Film camera was discontinued since very long time ago and it still take great photo.
EOS M mount has more lens than you ever need.
As far as native glass goes, there's some holes in the EF-M lineup.
For me, the reasons I'm upset about EF-M dying-- I also use my cameras for video. Video specs on cameras are still advancing pretty quickly. If I want some of the video features that are pretty much standard now, such as IBIS, real (non-sub-sampled) 4k, and unlimited recording times, I need to start over from scratch and switch to a different mount, which means re-buying everything and spending a bunch of money.
Even from a photography perspective, things are advancing, and these bodies we have now won't last forever. It's going to be a slow, painful death.
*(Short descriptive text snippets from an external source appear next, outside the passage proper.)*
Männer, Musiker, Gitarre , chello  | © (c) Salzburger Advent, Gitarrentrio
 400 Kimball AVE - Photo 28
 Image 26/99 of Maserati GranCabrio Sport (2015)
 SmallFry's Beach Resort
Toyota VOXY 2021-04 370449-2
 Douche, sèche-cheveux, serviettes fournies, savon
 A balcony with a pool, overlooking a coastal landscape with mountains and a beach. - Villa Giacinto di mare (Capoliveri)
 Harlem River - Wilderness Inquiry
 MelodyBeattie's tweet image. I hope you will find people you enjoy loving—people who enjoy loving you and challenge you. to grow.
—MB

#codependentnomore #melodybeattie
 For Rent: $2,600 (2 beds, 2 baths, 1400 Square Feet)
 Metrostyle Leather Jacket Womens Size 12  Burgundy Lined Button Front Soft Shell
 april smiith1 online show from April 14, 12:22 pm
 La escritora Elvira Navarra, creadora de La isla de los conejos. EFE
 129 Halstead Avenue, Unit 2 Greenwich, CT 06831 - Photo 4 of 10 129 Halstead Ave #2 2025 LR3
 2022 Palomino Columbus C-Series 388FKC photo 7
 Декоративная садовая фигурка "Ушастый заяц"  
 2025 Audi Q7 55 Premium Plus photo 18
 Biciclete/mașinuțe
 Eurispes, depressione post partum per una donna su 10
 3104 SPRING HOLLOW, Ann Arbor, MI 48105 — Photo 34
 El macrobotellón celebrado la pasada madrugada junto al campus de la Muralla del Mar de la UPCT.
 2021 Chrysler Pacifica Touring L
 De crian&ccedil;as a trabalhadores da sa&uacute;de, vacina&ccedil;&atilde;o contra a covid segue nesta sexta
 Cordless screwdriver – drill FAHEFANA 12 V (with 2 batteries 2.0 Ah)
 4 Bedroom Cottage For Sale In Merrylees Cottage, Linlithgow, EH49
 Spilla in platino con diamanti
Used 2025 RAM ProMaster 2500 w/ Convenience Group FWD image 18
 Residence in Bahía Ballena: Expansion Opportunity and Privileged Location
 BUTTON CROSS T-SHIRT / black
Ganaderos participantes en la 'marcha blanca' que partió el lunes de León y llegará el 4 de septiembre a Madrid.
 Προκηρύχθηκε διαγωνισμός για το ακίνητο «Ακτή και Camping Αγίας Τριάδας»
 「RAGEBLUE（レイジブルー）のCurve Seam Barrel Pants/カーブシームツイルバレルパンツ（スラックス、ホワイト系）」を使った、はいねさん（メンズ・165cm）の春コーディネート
Same here, a mix of video and photo. It is frustrating because EF-M hits a pretty solid sweet spot of cost, size, and function. The advancements that Canon has would be great in EF-M. Now we will likely be artificially limited even though the tech/firmware is already available in various RF cameras.
To get around the 30 minute per video clip limiter I use an Atomos Ninja V (with the paid add-on h.265 hevc encoder to have manageably sized files). It works nicely with the M6ii, though recent Atomos firmware have been causing HDMI audio passthrough noise/consecutive blip sounds. I use a powered mic attached to the Ninja V directly usually so not a huge issue for me with that extra audio track besides a little bit of audio sync offset.
Personally, I think I'd want whichever new sensor has a faster read-out from the R10 or R7. A body design like the M6ii, but with a true photo/video setting split. Add in IBIS, no record limit, h.265 encoding and a few other things but it's totally a pipe dream at this point, lol.
You are describing the R7, it has all that except that the sensor readout is still relatively slow in the higher quality mode. Not as small as the M6ii but smaller than FF.
The biggest issue IMO is the lens situation, but if you think of it as a Canon EF camera ignoring the RF lenses then it becomes more aceptable. This is what I’m thinking if I would buy the R7, use it with the newer EF lenses which supposedly play better with the R mount than the older ones, but don’t quote me on this.
Maybe in years RF will cover most of what EF-M is, but I can't say I like the way they design their cheaper RF glass and there are no 3rd party alternatives. (Similar focusing barely/motors as the 22mm f/2 and 32mm f/2 which I was never too fond of for video). Canon should at least officially let Sigma and Tamron release lenses for RF. If they don't then RF is likely a no go for me.
I lost trust in the Canon brand, it has become a love hate relationship. So I’m not rushing excited to their system once more after the M debacle.